- **Work to complete**:
Return verbatim the portion of the material below that starts at the line containing "Vitrina clásica de" and ends at its last line.

※

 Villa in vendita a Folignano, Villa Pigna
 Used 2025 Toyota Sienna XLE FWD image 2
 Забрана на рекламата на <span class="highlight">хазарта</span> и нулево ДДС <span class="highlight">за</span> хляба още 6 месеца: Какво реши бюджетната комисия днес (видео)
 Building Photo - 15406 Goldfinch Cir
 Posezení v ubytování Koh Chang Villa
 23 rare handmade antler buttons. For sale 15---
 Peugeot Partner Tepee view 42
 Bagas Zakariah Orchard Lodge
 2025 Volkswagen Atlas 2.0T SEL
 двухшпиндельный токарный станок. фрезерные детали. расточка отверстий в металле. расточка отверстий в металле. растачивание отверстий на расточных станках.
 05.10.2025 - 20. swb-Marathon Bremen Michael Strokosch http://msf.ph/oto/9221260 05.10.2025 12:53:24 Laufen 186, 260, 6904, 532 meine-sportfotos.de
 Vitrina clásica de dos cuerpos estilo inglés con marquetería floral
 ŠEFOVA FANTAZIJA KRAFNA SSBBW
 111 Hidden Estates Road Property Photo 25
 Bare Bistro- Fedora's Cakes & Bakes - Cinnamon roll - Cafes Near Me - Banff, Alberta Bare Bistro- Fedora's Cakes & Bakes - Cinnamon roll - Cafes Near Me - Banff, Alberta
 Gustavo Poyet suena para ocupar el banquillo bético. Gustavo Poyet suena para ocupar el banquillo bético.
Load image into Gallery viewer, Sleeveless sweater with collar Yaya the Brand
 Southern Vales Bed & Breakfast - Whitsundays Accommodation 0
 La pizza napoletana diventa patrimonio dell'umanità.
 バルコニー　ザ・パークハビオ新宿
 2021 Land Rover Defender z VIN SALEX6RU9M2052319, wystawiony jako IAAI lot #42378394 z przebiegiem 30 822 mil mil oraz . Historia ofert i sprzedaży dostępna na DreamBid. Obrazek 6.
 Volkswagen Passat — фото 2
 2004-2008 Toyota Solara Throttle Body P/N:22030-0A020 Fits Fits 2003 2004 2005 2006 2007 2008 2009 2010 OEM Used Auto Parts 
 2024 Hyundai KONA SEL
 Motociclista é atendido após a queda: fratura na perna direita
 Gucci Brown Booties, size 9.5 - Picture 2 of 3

※

- **Answer space**:
 Vitrina clásica de dos cuerpos estilo inglés con marquetería floral
 ŠEFOVA FANTAZIJA KRAFNA SSBBW
 111 Hidden Estates Road Property Photo 25
 Bare Bistro- Fedora's Cakes & Bakes - Cinnamon roll - Cafes Near Me - Banff, Alberta Bare Bistro- Fedora's Cakes & Bakes - Cinnamon roll - Cafes Near Me - Banff, Alberta
 Gustavo Poyet suena para ocupar el banquillo bético. Gustavo Poyet suena para ocupar el banquillo bético.
Load image into Gallery viewer, Sleeveless sweater with collar Yaya the Brand
 Southern Vales Bed & Breakfast - Whitsundays Accommodation 0
 La pizza napoletana diventa patrimonio dell'umanità.
 バルコニー　ザ・パークハビオ新宿
 2021 Land Rover Defender z VIN SALEX6RU9M2052319, wystawiony jako IAAI lot #42378394 z przebiegiem 30 822 mil mil oraz . Historia ofert i sprzedaży dostępna na DreamBid. Obrazek 6.
 Volkswagen Passat — фото 2
 2004-2008 Toyota Solara Throttle Body P/N:22030-0A020 Fits Fits 2003 2004 2005 2006 2007 2008 2009 2010 OEM Used Auto Parts 
 2024 Hyundai KONA SEL
 Motociclista é atendido após a queda: fratura na perna direita
 Gucci Brown Booties, size 9.5 - Picture 2 of 3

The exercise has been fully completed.